» **ACTIVITY**:
With the pictures left out, output the records below exactly.

» **INFORMATION**:
....
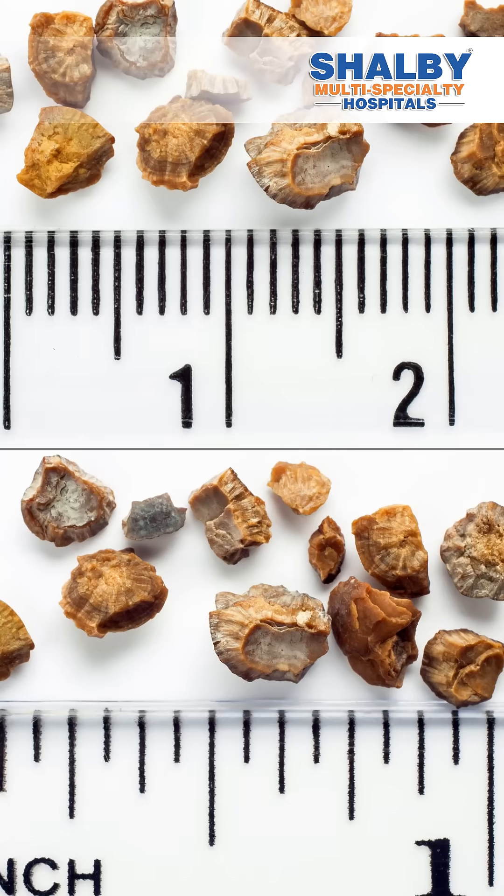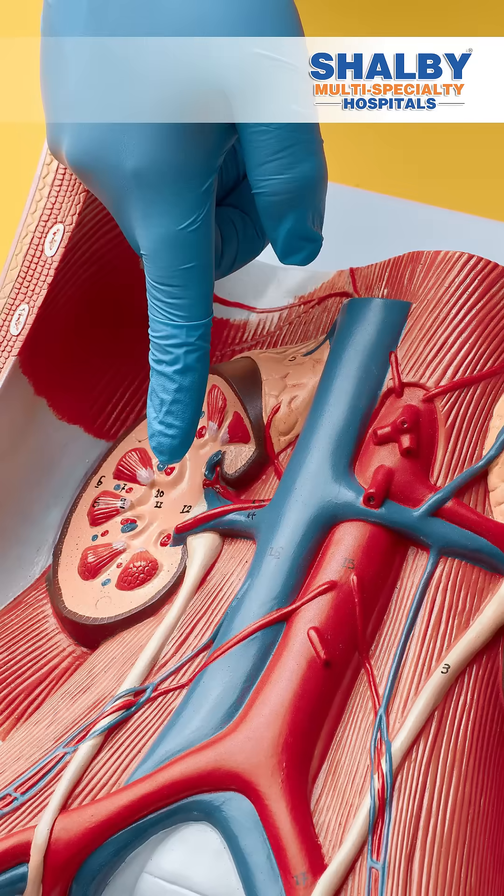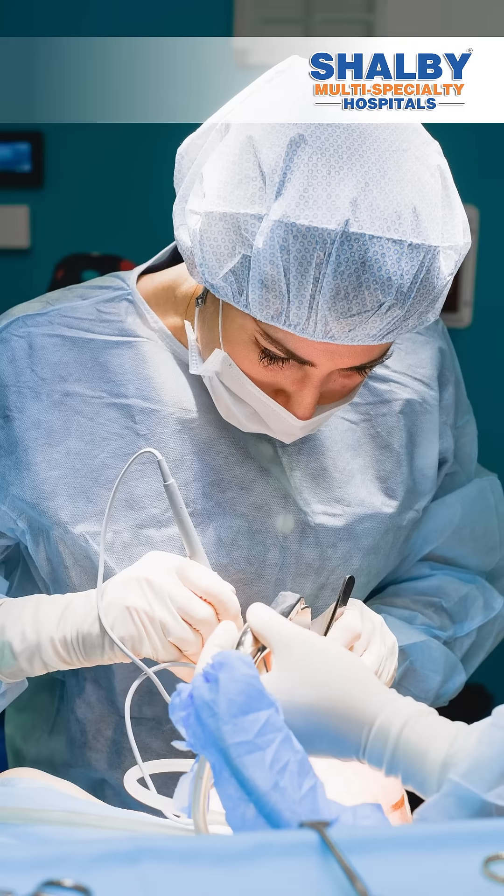In short, it is called RIRS surgery. What is RIRS surgery? It is surgery used for stone, particularly renal stone and upper ureteric stone. What we do in RIRS — we first keep a small access sheath into the ureter, and through the ureter we pass a flexible ureteroscope, which can reach up to the kidney. Through that flexible ureteroscope, we use a laser called thulium fiber laser and we do the dusting of the stone.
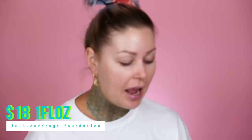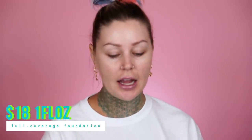As far as the foundation amount you get, you get one fluid ounce, which is pretty typical. I just looked at my CoverGirl foundation and Two Faced — all of them are about one fluid ounce. So that's pretty on par with the rest. The foundation is $18, and in my little book it says it is a full coverage matte foundation.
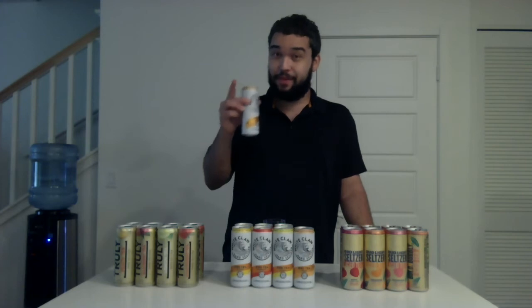Now the White Claw variety pack. First flavor: peach. That's a good pop. That smells good. This peach reminds me of Lipton peach tea — that's a really good tea. However, it doesn't taste exactly like Lipton peach tea, though the smell was pretty close. I give this a rating of thumbs up going down — pretty good, but not all the way good.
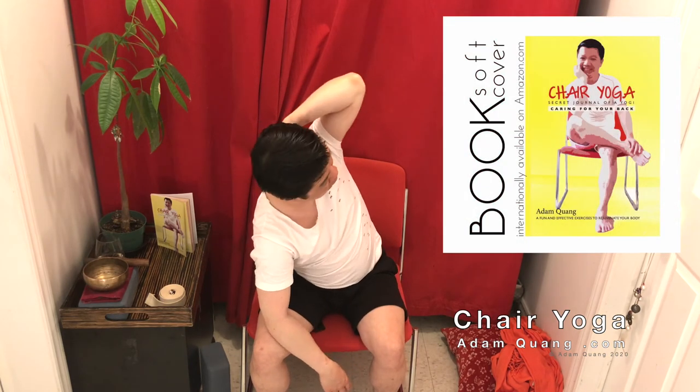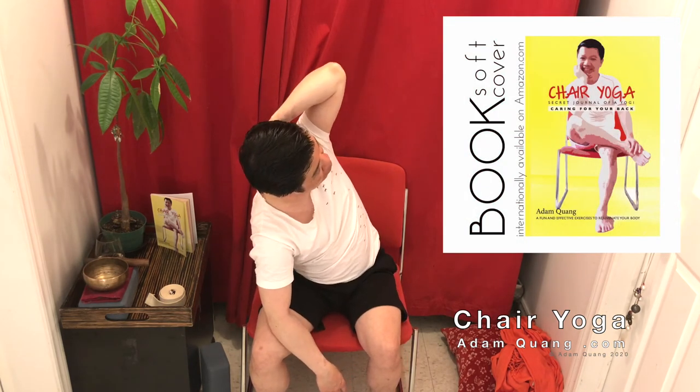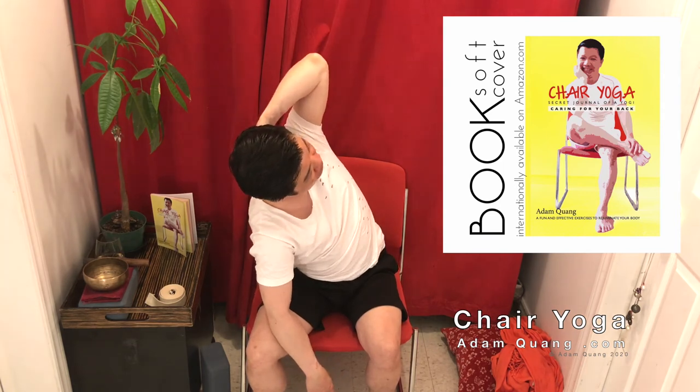Take three deep breaths. What we're doing is loosening up the space for your neck and shoulder muscles to release. From here, open up that elbow — with the opposite elbow, place it on your knee — then turn and look at your bended elbow and lift that elbow up into the sky.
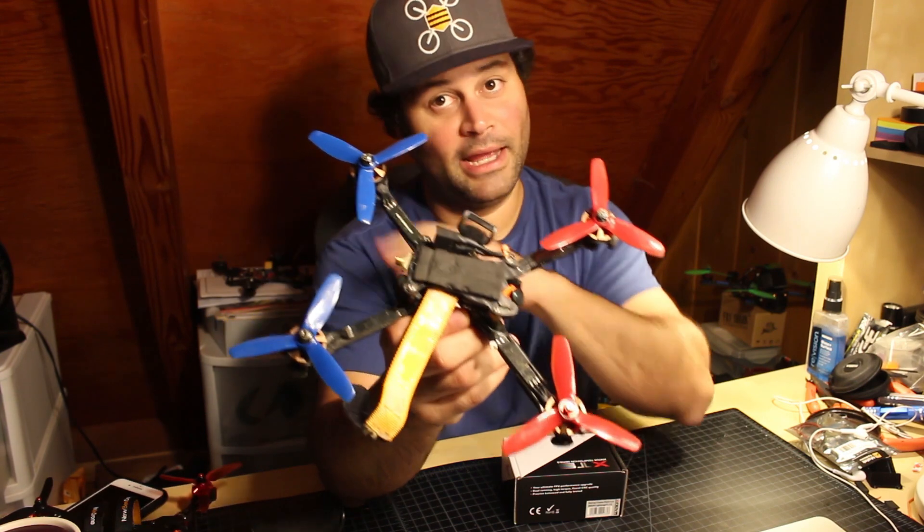2204 motors are not as popular as they used to be, and the lower kV around 2300 that we flew three or four years ago — nobody uses them anymore. Everybody's moved to 2206, 2207, 2306, 2307. 2205 was popular for a short stint after 2204 before people jumped up to 2206. The point is the popularity of 2205 wasn't for very long.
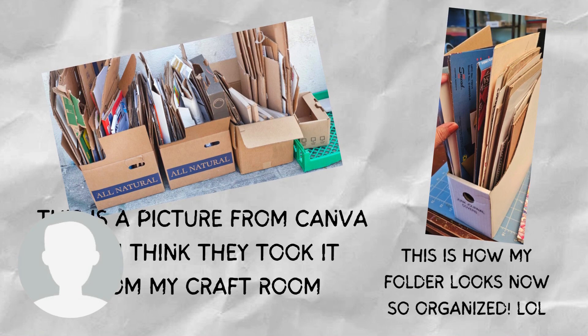When I first saw this picture from Canva, I truly believed it was taken from my craft room because that looks like how I collected all my stuff. But I did purge and organize everything in my craft room — and yes, I did throw some things away. Well, I put them in the recycle bin.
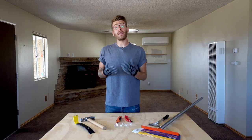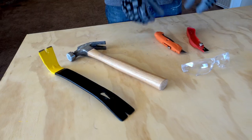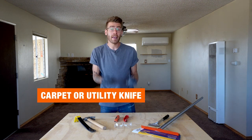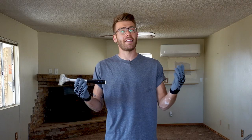To get started, we'll need a few things. First, a wonder bar or a pry tool to remove any of your baseboard trim and carpet tack strip. Next, we'll use a carpet knife or a standard utility knife to cut our carpet into manageable sized pieces. And finally, your choice of a scraper to remove any old glue or adhesive from the concrete foundation. Let's get started.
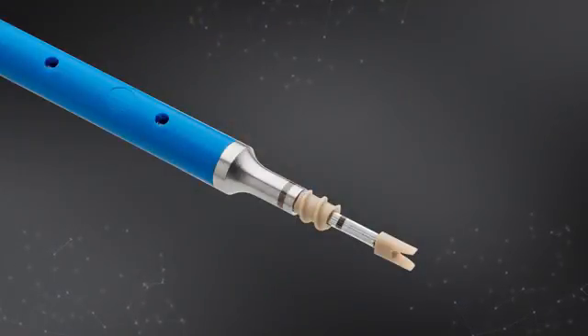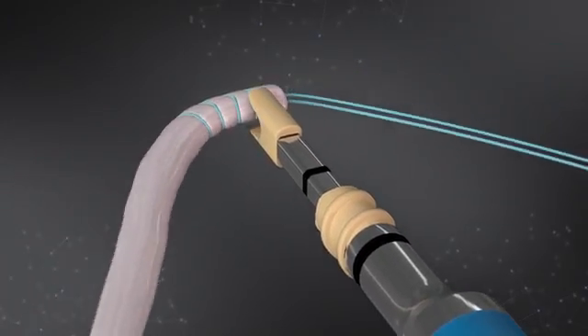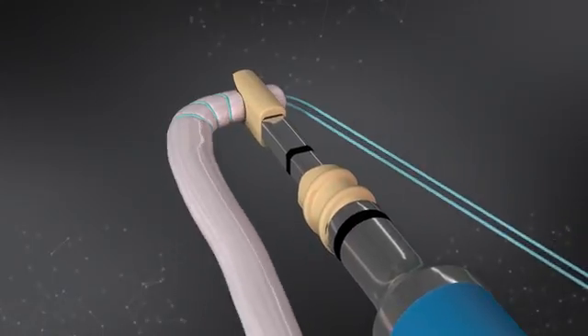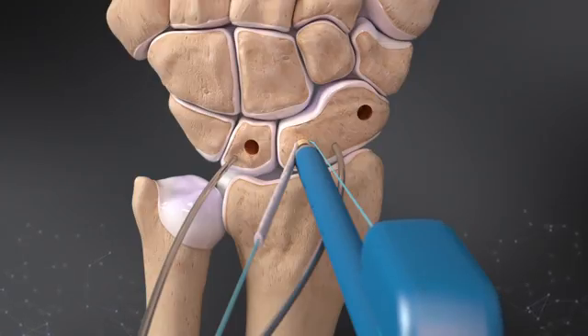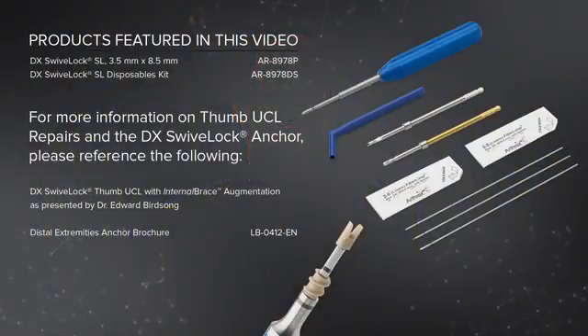As you can see in this picture here, the swivel lock anchor consists of a fork tip and anchor body. The fork tip allows the surgeon to capture a tendon graft and suture and place that into the drill hole prior to inserting the anchor body into the bone. This construct allows for both biology and a synthetic construct to cross the joint.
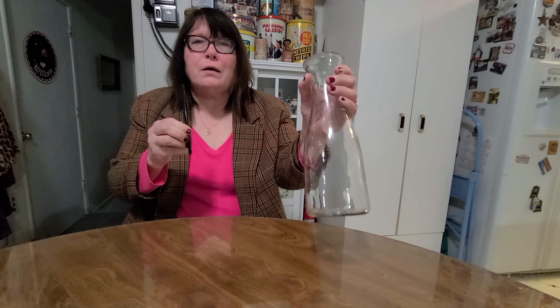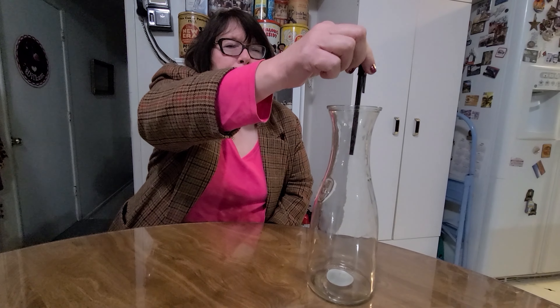Today we'll be doing a very simple science slash magic trick. You will need a pen and some type of bottle or glass jar to do this trick. The question is, can we get this pen out of the bottle without touching the jar once we drop it in?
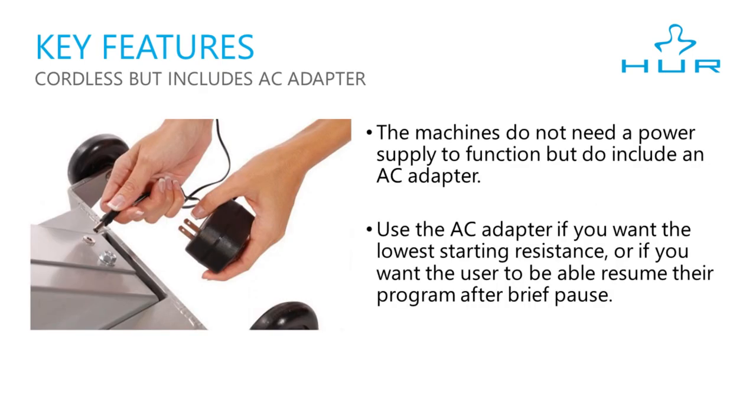The Step 1 can be cordless, but includes an AC adapter. This means the machine does not require a power supply to function. However, you'll want to use the AC adapter if you want the lowest starting resistance possible, or if you want the user to be able to resume their program after a brief pause.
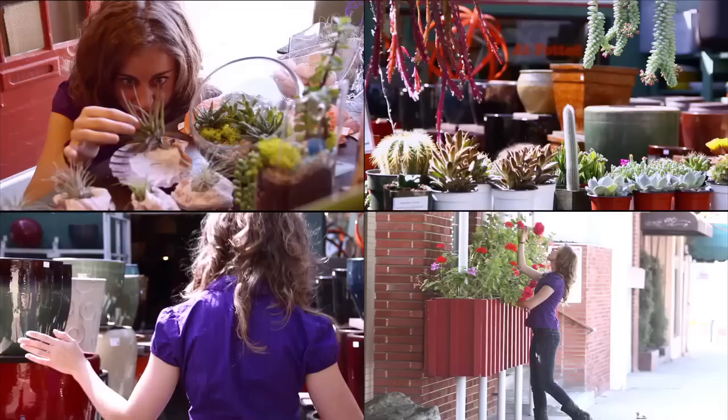Hey everyone and welcome back to Do It Girl. Now's the season where everybody gets together to celebrate the hard work they've accomplished with the promise of moving on to bigger and better things. That's right, it is graduation season. Which means spending a bunch of money on framing a diploma just so it looks like everybody else's? I don't think so. Brag about your brilliance and style as I show you how to make your own personalized float frame. Let's do it girl.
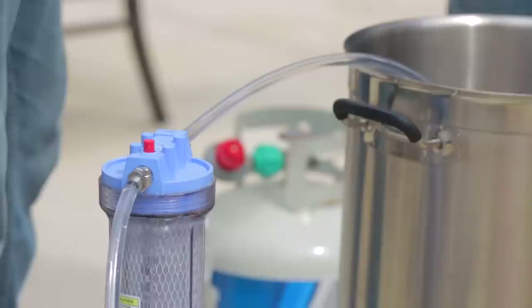How much water do we need? We're looking for seven gallons — this is going to be a beast of a batch. This mash tun is going to be incredibly full. How many pounds of grain is going into this? Just shy of 21 pounds, for a five-gallon batch of beer.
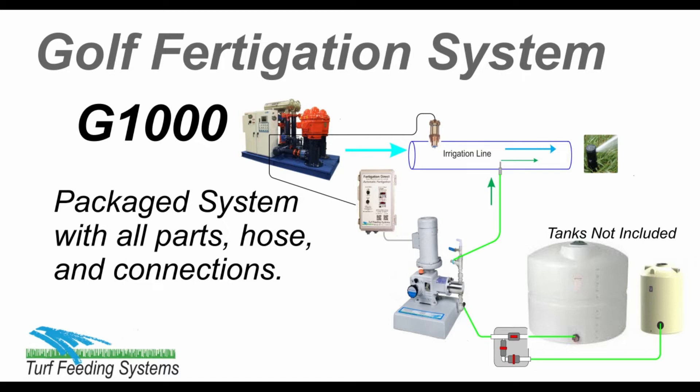The system includes everything needed to connect to the irrigation line and two tanks, including all fittings, hose, and connections. Tanks are not included.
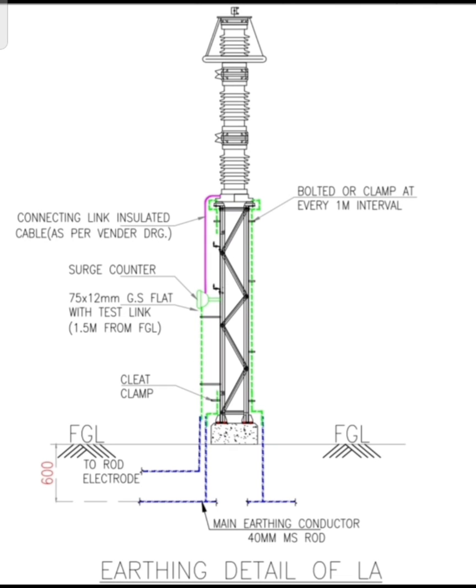Today I am back with a very confusing subject: how to connect your lightning arrestor or surge arrestor with the earthing mat in the substation. People are confused and usually talk about separate earthing or grounding for the lightning or surge arrestor in the substation.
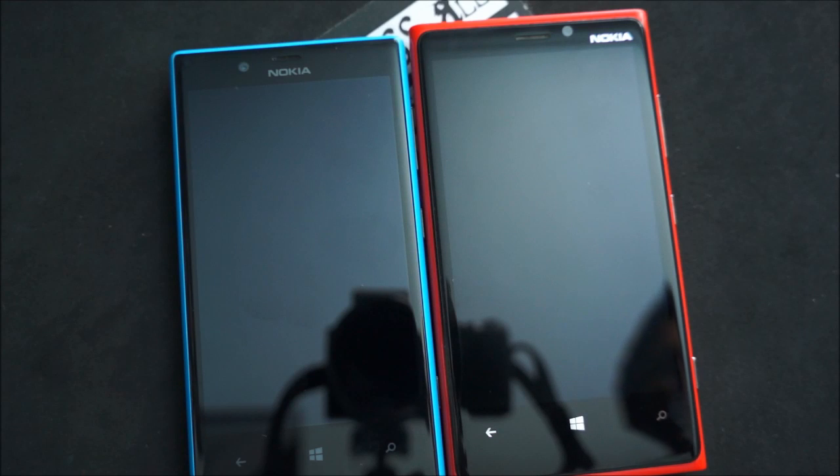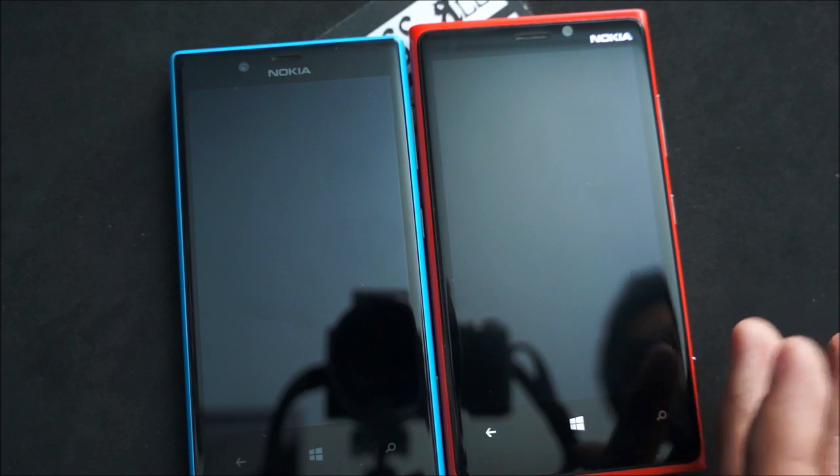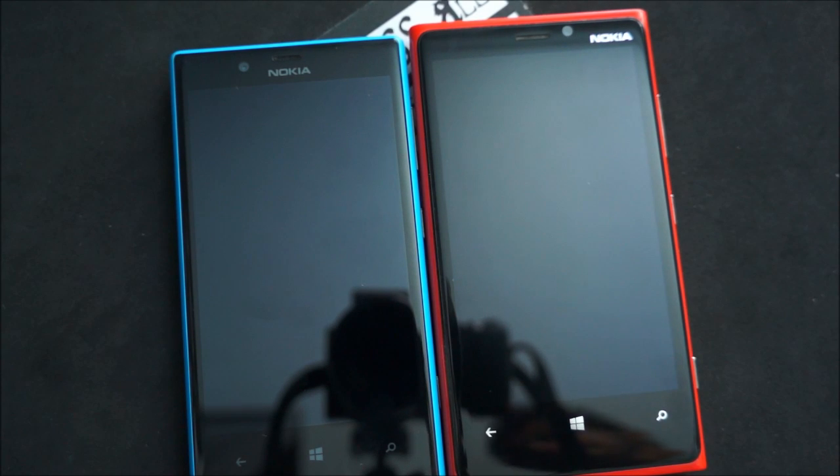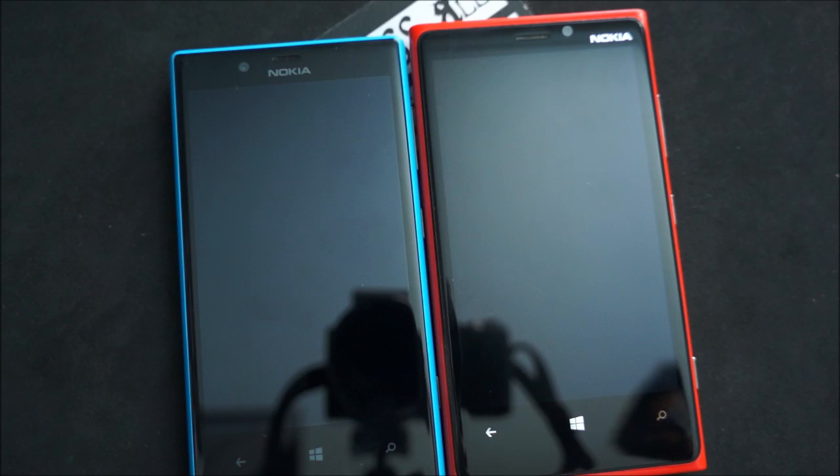Both devices are running Windows Phone 8 as mentioned and they both have the Snapdragon S4 processor. The Lumia 920 has one gigabyte of RAM while the Lumia 720 has 512 megabytes, which is probably the only slight issue that I could have with the device — just the limited RAM. It's not very noticeable, but we'll get to that later in another video.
....
» **ANSWER TO THIS PROBLEM**:
In short, it is called RIRS surgery. What is RIRS surgery? It is surgery used for stone, particularly renal stone and upper ureteric stone. What we do in RIRS — we first keep a small access sheath into the ureter, and through the ureter we pass a flexible ureteroscope, which can reach up to the kidney. Through that flexible ureteroscope, we use a laser called thulium fiber laser and we do the dusting of the stone.
As far as the foundation amount you get, you get one fluid ounce, which is pretty typical. I just looked at my CoverGirl foundation and Two Faced — all of them are about one fluid ounce. So that's pretty on par with the rest. The foundation is $18, and in my little book it says it is a full coverage matte foundation.
Now the White Claw variety pack. First flavor: peach. That's a good pop. That smells good. This peach reminds me of Lipton peach tea — that's a really good tea. However, it doesn't taste exactly like Lipton peach tea, though the smell was pretty close. I give this a rating of thumbs up going down — pretty good, but not all the way good.
Take three deep breaths. What we're doing is loosening up the space for your neck and shoulder muscles to release. From here, open up that elbow — with the opposite elbow, place it on your knee — then turn and look at your bended elbow and lift that elbow up into the sky.
2204 motors are not as popular as they used to be, and the lower kV around 2300 that we flew three or four years ago — nobody uses them anymore. Everybody's moved to 2206, 2207, 2306, 2307. 2205 was popular for a short stint after 2204 before people jumped up to 2206. The point is the popularity of 2205 wasn't for very long.
When I first saw this picture from Canva, I truly believed it was taken from my craft room because that looks like how I collected all my stuff. But I did purge and organize everything in my craft room — and yes, I did throw some things away. Well, I put them in the recycle bin.
To get started, we'll need a few things. First, a wonder bar or a pry tool to remove any of your baseboard trim and carpet tack strip. Next, we'll use a carpet knife or a standard utility knife to cut our carpet into manageable sized pieces. And finally, your choice of a scraper to remove any old glue or adhesive from the concrete foundation. Let's get started.
As you can see in this picture here, the swivel lock anchor consists of a fork tip and anchor body. The fork tip allows the surgeon to capture a tendon graft and suture and place that into the drill hole prior to inserting the anchor body into the bone. This construct allows for both biology and a synthetic construct to cross the joint.
Today we'll be doing a very simple science slash magic trick. You will need a pen and some type of bottle or glass jar to do this trick. The question is, can we get this pen out of the bottle without touching the jar once we drop it in?
The Step 1 can be cordless, but includes an AC adapter. This means the machine does not require a power supply to function. However, you'll want to use the AC adapter if you want the lowest starting resistance possible, or if you want the user to be able to resume their program after a brief pause.
Hey everyone and welcome back to Do It Girl. Now's the season where everybody gets together to celebrate the hard work they've accomplished with the promise of moving on to bigger and better things. That's right, it is graduation season. Which means spending a bunch of money on framing a diploma just so it looks like everybody else's? I don't think so. Brag about your brilliance and style as I show you how to make your own personalized float frame. Let's do it girl.
How much water do we need? We're looking for seven gallons — this is going to be a beast of a batch. This mash tun is going to be incredibly full. How many pounds of grain is going into this? Just shy of 21 pounds, for a five-gallon batch of beer.
The system includes everything needed to connect to the irrigation line and two tanks, including all fittings, hose, and connections. Tanks are not included.
Today I am back with a very confusing subject: how to connect your lightning arrestor or surge arrestor with the earthing mat in the substation. People are confused and usually talk about separate earthing or grounding for the lightning or surge arrestor in the substation.
Both devices are running Windows Phone 8 as mentioned and they both have the Snapdragon S4 processor. The Lumia 920 has one gigabyte of RAM while the Lumia 720 has 512 megabytes, which is probably the only slight issue that I could have with the device — just the limited RAM. It's not very noticeable, but we'll get to that later in another video.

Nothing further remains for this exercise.